Again, at UCLA, a researcher has become the target of violence at the hands of animal rights activists.
From the Los Angeles Times:
The FBI Federal Bureau of Investigation is looking into the firebombing of a vehicle owned by a UCLA neuroscientist who was targeted by an anti-animal research group for using primates in his study of psychiatric disorders.
The March 7 incident involving a homemade incendiary device took place outside the faculty member’s home and caused no injuries, according to FBI spokeswoman Laura Eimiller. …
Eimiller said the investigation of last Saturday’s incident will be conducted by a Joint Terrorism Task Force that includes the FBI, the LAPD, the Los Angeles Fire Department, the UCLA Police Department and the Bureau of Alcohol, Tobacco, and Firearms and Explosives.
The loosely organized animal rights group Animal Liberation Front posted a message on its website Monday from a group that claimed responsibility for the firebombing.
From the UCLA Newsroom:
Chancellor Gene Block strongly condemned the firebombing, the latest incident in an organized campaign of criminal harassment directed at UCLA researchers.

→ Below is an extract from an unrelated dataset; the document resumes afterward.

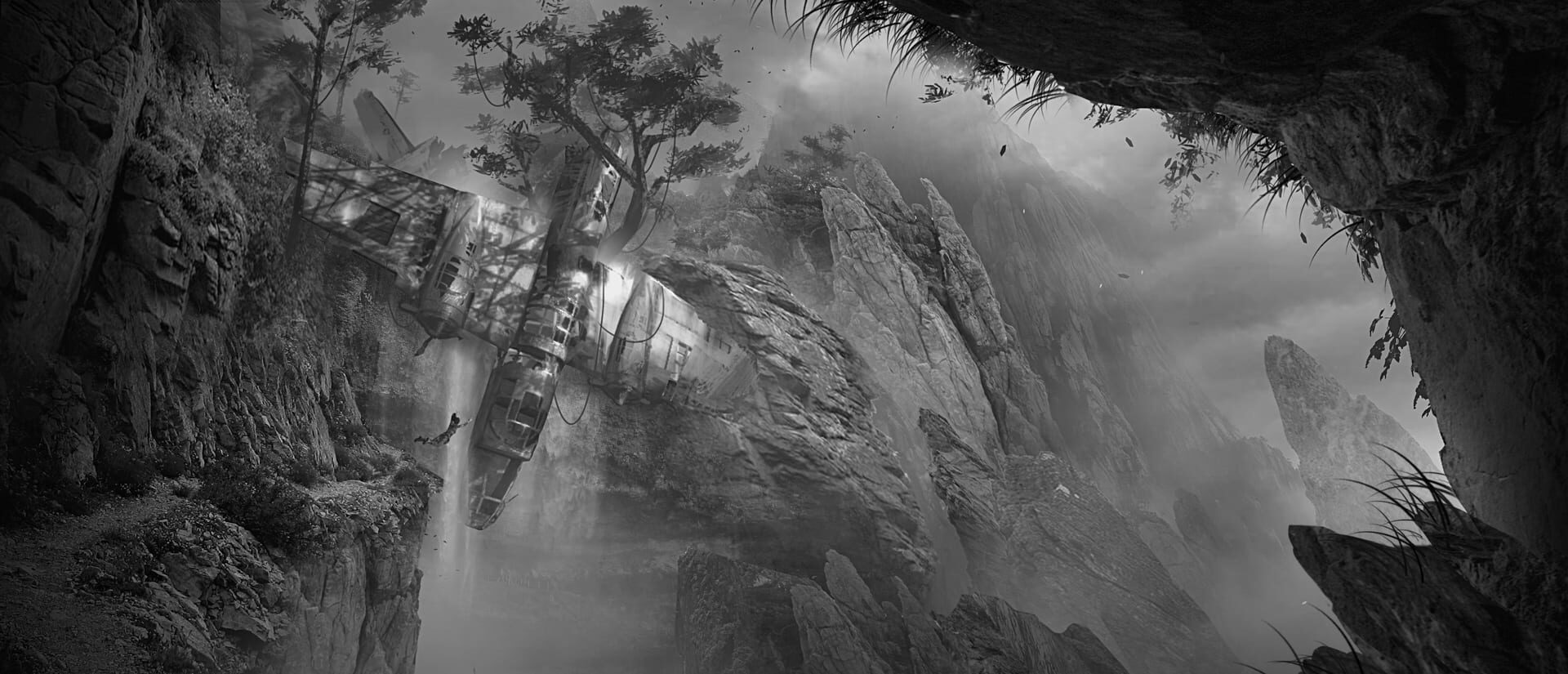 Tomb Raider artwork 9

“The actions of extremists who use violent and illegal tactics are utterly reprehensible and beyond contempt,” Block said. “UCLA police continue to work with the FBI and other law enforcement agencies to bring to justice those responsible for such unconscionable acts, and I encourage anyone with information to come forward.”
UCLA immediately increased the reward it is offering by $25,000. UCLA, the FBI, the federal Bureau of Alcohol, Tobacco, Firearms and Explosives, and the Los Angeles police and fire departments are now offering a combined $445,000 reward for information leading to the arrest and conviction of those responsible for five separate acts of violence directed at UCLA researchers.
In a March 9 website posting, extremists claimed to have placed an improvised incendiary device under the vehicle outside the Westside residence of a UCLA researcher. The vehicle was engulfed in flames and destroyed. There were no injuries. The incident occurred in the early morning hours of March 7. The vehicle was owned by a UCLA professor and neuroscientist investigating treatments for various psychiatric disorders, such as schizophrenia, as well as drug addiction and other disorders.
The FBI is leading the investigation and can be reached at 310-477-6565.
This is not an isolated incident. That it is, instead, the kind of thing that happens with alarming regularity is indicated by the fact that the UCLA Newsroom has a “background information” page about animal research at UCLA, allowing easy linking the next time an animal rights group targets a researcher (or someone who lives or parks near a researcher) for violence. From that background information page:
Research involving laboratory animals at UCLA is heavily monitored and subject to stringent and multiple federal laws and university regulations. All requests to utilize animals in research undergo a rigorous review by an independent committee of well-informed scientists, veterinarians and members of the general public to ensure scientific necessity and humane treatment. The review requires an extensive search for alternatives to minimize the use of animals.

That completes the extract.